# why is my puppy doing this?



## ewelsh (Jan 26, 2011)

Why does my puppy english springer spaniel Lucy chew anything which is stone............. she grinds her teeth on all the walls, slab stone floor fire place and every single patio slab................. but the worst thing is she loves little stones and I have a massive drive covered in stones and all the paths around the garden are stones so I can hardly pick every one up........... I am trying to stop her, naturally! and taking to her the lawn areas but she's finding them there to... as you can imagin I am almost walking on my hands and knees with her around the garden watching what she is putting in her mouth and frantically flipping them out when she does find one....................

is it just teething????????

also she is really being cheeky with my other 2 dogs.. biting nipping them and actually running up and barking at them.. she is really full of it... so far my terrier has taken every nip and attack with no reaction apart from jumping out of the way and my lab is walking around with her eyes permanently on her back side incase lucy comes up from behind! 

So should I stop her barking and going for them.. I feel she will be put in her place soon enough quite rightly so as she is being very bossy, but I am frightened one of them will hurt her as she is so little...

any help warmly welcomed


----------



## chrisrandall (Mar 6, 2011)

well im no expert but am about to go from the one dog to two on saturday so have been reading up a little bit. I would say its normal to expect the puppy to be full of beans and want to play all the time etc etc, im sure at some point like you say she will get put in her place by the older members lol, i wouldnt worry to much, just make sure that the older dogs do have some where (that they choose) that they can get some time alone to chill out lol!!

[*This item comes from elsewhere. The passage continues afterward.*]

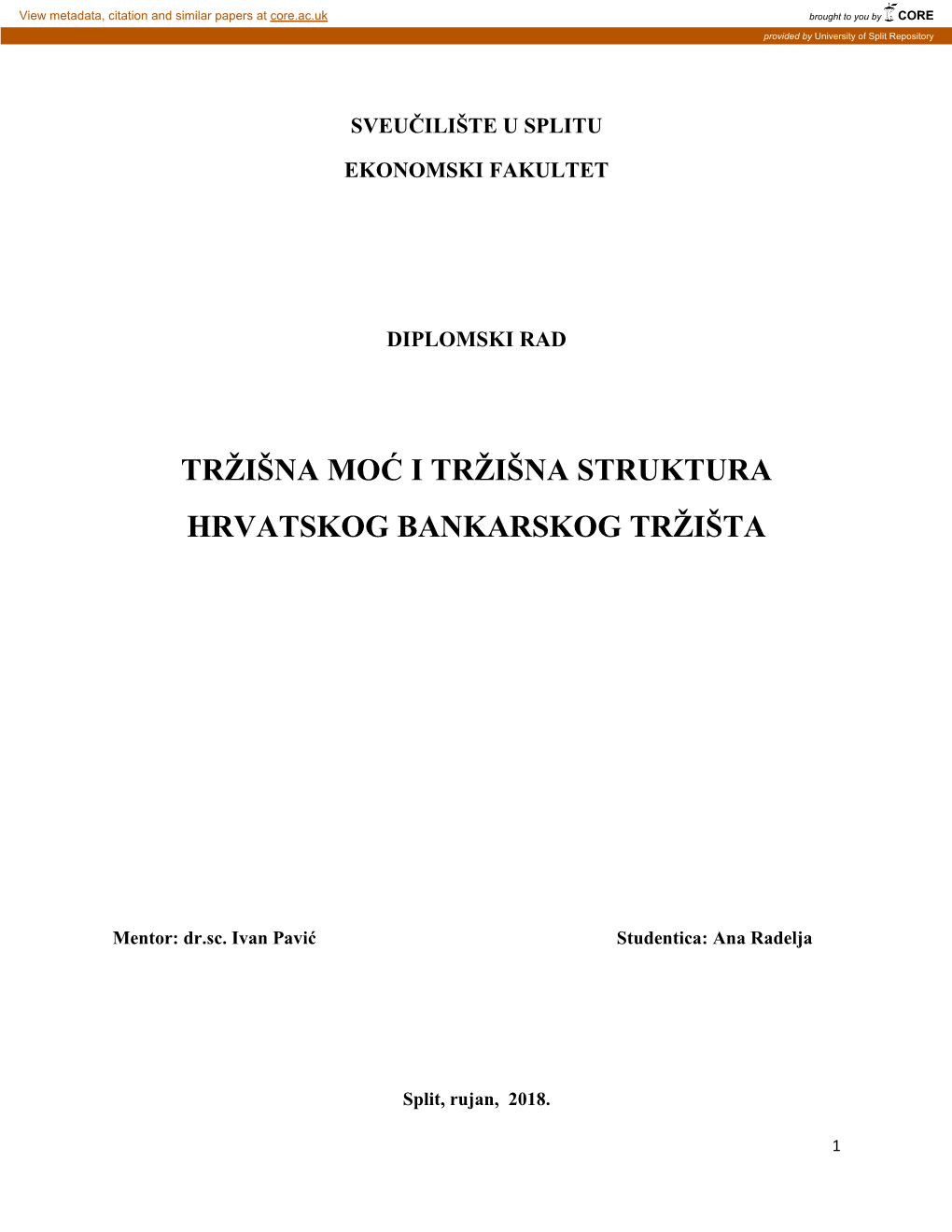 Trţišna Moć I Trţišna Struktura Hrvatskog Bankarskog Trţišta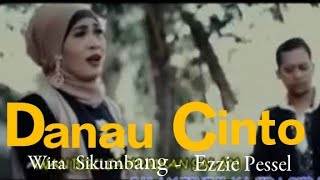 Download lagu Lagu Minang Terbaru //Danau Cinto//Wira Sikumbang-Ezie Pessel// (Oficial Musik Video) mp3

as for the stone issue i dont really have any advice. Sorry!!! well apart from a newly laid brick/tarmac drive way hahaha


----------



## ClaireandDaisy (Jul 4, 2010)

A Springer is pretty much hard-wired to find and fetch, so why not use this drive and initiate games. Hide toys for her to bring you. Play little tuggy or chase games? Interactive play is so much more fun than stone chewing. :wink:


----------



## Manoy Moneelil (Sep 1, 2011)

Sounds like teething that can become a learned habit through boredom, Give an interesting chew toy, after a week swap it for another one, hide the first for a few weeks - a bit like crop rotation. The toy is swapped and appears again and it's new/remembered old toy again.


----------



## ewelsh (Jan 26, 2011)

Oh dear......................

I have not made myself clear in my question, as the last 2 reply's insinuate lack of FUN given by myself.... resulting in boredom.

My puppy is 7 weeks and 3 days old and I am out in the gardens potty training.. the stones are distracting her from doing her toilet jobs and this chewing in doors is happening in between play and lots of it!!!!! 

I also don't think a 7 week puppy can find hidden items buried under a drive just yet.

My question was why such an infactuation with stone? is it because of teething?????


----------



## Manoy Moneelil (Sep 1, 2011)

> is it just teething????????


7-8 weeks is a bit young for teething, but given another month...

..so you are right to address this.

You might choose a reward method of training by rewarding the dog when she gives you a stone. Personally I would communicate that all stones/paving slabs belong to you (I did this with shoes), when she is seen with a stone you claim it by taking the stone with a grrrrrrrr! and body blocking - put yourself in between her and the interesting stone.

The other dogs will correct her when she plays too rough.

When that happens don't leap to rescue either side.



> I am frightened one of them will hurt her as she is so little...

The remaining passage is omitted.